WHAT NEEDS TO BE DONE –
How many lines of the entries hold the string "Bedroom"? Reply with the number alone.

Stored dataset items –
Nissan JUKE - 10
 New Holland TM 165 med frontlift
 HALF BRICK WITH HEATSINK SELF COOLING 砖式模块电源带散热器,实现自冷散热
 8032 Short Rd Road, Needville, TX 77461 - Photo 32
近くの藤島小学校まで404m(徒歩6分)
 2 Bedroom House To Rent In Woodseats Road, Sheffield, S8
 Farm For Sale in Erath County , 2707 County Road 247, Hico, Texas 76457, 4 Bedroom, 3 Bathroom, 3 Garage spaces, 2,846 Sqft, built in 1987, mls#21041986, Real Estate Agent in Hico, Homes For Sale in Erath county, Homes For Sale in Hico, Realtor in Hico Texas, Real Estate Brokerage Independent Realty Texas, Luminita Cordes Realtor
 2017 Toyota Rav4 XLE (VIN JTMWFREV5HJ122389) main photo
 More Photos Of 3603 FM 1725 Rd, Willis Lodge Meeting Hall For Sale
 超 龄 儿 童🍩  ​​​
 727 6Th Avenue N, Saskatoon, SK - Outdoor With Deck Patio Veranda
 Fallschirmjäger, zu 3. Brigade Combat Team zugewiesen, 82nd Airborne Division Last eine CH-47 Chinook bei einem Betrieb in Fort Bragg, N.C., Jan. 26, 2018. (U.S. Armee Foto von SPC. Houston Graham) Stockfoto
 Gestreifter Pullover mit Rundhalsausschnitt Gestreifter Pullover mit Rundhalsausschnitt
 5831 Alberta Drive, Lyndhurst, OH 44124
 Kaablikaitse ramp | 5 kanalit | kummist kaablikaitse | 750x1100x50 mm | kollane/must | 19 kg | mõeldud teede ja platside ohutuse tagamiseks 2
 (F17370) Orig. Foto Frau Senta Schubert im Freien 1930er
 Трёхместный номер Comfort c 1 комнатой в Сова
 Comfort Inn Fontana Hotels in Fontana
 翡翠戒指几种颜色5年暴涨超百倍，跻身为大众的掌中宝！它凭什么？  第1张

RESULT BELOW –
2